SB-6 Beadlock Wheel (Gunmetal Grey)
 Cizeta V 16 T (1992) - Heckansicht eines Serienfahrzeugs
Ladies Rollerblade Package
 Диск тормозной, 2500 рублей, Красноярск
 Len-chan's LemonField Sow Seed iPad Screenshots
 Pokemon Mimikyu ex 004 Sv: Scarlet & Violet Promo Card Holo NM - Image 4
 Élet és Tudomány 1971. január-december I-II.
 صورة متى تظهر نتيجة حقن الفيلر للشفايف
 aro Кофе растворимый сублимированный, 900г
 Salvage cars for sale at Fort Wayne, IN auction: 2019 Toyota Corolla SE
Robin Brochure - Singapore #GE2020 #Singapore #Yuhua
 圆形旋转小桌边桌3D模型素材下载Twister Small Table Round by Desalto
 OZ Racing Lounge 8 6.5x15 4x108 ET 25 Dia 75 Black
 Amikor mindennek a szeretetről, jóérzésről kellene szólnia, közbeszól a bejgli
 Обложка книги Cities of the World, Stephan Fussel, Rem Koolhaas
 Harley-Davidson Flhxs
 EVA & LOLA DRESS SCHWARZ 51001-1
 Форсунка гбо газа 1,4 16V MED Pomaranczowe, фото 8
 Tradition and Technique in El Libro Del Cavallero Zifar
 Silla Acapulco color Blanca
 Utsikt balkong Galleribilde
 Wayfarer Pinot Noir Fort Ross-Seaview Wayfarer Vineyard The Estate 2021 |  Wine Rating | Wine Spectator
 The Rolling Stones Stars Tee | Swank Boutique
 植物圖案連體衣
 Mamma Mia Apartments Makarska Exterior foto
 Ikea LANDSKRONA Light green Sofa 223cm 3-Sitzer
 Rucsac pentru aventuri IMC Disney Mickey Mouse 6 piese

* [TASK INSTRUCTIONS] Transcribe, with no changes, the listing above from its first line through the line with "Pokemon Mimikyu ex", including that line, and stop once it is done.

* [RESULT BELOW]
SB-6 Beadlock Wheel (Gunmetal Grey)
 Cizeta V 16 T (1992) - Heckansicht eines Serienfahrzeugs
Ladies Rollerblade Package
 Диск тормозной, 2500 рублей, Красноярск
 Len-chan's LemonField Sow Seed iPad Screenshots
 Pokemon Mimikyu ex 004 Sv: Scarlet & Violet Promo Card Holo NM - Image 4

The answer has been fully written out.